WHAT THE TASK REQUIRES: For each line below that contains the word "Premium", return that line.

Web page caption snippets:
::::

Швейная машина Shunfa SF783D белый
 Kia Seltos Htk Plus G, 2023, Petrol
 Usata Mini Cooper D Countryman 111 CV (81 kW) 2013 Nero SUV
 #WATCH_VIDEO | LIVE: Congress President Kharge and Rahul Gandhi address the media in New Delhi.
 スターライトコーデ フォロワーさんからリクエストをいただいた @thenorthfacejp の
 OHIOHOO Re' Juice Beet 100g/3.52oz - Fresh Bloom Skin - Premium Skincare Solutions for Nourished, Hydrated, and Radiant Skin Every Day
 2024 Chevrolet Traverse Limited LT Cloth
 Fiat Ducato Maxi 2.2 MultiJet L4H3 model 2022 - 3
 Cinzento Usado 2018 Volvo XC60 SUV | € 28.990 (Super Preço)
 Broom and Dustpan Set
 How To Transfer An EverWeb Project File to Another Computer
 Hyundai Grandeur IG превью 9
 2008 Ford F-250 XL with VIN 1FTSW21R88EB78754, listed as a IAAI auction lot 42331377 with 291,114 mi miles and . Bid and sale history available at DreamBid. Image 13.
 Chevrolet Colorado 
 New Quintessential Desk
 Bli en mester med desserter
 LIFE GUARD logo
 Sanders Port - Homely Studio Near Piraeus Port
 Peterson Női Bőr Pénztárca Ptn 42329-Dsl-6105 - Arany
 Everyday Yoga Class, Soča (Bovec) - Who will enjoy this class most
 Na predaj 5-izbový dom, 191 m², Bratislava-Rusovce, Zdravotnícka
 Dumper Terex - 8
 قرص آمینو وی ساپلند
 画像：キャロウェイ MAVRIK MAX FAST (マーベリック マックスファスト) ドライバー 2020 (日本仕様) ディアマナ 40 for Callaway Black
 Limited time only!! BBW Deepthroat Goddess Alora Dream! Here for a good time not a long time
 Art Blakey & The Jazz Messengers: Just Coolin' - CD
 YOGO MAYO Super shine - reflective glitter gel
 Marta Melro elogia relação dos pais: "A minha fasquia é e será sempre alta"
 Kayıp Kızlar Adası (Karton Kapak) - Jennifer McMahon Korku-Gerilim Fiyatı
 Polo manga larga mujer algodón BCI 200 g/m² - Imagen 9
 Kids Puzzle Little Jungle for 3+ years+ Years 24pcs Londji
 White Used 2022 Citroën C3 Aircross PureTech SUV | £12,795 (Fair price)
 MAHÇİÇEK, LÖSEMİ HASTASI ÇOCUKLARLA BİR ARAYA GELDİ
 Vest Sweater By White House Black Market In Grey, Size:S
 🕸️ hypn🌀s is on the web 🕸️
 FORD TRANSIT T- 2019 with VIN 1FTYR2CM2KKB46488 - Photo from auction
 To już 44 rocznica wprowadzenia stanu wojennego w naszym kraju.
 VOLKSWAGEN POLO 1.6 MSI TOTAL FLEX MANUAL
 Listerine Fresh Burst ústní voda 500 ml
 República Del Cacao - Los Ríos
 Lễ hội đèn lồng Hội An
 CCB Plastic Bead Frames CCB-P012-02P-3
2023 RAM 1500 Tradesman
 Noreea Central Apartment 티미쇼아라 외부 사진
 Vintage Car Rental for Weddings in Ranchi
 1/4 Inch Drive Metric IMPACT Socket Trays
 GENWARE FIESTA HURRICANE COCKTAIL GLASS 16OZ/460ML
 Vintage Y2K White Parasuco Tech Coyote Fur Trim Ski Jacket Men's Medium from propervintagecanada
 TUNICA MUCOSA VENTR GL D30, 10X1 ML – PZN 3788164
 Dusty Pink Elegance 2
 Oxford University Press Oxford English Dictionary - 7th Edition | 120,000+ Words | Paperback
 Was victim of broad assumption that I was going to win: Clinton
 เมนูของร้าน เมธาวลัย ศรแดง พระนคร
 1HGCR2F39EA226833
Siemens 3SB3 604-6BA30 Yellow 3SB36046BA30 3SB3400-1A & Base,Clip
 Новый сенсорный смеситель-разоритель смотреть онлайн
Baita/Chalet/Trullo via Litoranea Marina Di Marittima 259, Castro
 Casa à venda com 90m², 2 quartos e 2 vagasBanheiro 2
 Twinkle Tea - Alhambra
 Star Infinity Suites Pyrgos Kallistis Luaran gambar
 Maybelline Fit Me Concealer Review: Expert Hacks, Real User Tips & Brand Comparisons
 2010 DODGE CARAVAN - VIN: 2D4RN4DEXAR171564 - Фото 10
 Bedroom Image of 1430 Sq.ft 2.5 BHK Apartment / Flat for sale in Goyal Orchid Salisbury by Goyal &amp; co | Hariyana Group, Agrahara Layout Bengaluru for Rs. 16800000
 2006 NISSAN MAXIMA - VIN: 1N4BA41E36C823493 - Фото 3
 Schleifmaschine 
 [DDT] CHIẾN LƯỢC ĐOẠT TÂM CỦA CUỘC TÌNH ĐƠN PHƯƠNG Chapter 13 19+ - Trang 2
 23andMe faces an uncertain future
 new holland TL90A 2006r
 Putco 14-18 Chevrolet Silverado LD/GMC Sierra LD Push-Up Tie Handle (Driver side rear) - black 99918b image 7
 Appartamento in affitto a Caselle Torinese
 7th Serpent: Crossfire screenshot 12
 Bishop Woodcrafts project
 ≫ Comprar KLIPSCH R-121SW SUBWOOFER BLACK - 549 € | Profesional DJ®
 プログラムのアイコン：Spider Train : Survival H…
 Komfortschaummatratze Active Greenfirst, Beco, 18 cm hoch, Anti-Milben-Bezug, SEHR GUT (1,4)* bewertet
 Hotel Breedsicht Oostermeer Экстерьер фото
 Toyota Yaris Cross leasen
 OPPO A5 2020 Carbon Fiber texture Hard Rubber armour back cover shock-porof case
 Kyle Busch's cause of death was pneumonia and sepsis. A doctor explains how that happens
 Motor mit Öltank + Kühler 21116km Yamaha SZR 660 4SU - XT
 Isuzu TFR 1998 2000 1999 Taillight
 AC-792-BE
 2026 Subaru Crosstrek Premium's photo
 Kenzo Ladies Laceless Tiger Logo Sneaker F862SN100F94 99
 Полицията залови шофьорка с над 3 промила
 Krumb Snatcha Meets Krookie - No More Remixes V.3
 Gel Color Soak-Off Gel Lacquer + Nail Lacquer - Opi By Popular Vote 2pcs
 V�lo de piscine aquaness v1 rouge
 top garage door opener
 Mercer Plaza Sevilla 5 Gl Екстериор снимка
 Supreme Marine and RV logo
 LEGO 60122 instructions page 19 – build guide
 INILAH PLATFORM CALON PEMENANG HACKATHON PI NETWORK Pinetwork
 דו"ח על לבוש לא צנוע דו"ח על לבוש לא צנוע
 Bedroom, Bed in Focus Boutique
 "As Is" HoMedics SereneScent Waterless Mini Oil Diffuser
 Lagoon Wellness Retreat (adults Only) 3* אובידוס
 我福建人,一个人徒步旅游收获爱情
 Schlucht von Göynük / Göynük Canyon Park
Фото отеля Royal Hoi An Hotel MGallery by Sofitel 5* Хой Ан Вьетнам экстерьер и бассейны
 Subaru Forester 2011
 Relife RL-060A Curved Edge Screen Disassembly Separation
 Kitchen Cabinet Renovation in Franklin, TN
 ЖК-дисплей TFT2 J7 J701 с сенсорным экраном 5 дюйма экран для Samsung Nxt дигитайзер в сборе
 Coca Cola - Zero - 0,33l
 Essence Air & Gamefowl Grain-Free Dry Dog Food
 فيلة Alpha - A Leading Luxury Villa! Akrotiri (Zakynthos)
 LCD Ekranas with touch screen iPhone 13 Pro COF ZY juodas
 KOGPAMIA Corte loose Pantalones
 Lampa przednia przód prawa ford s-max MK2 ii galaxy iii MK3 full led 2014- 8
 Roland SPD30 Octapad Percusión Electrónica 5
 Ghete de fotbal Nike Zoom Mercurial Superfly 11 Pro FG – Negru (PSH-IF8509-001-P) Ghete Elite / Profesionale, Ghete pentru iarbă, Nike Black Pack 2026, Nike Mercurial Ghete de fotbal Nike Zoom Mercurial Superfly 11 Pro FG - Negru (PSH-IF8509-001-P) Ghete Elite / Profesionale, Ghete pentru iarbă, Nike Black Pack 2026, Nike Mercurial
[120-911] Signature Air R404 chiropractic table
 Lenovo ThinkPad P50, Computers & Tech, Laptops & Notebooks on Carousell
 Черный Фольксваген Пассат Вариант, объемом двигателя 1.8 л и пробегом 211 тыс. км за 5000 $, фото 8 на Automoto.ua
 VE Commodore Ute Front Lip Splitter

::::

RESPONSE TO THIS TASK:
 OHIOHOO Re' Juice Beet 100g/3.52oz - Fresh Bloom Skin - Premium Skincare Solutions for Nourished, Hydrated, and Radiant Skin Every Day
 2026 Subaru Crosstrek Premium's photo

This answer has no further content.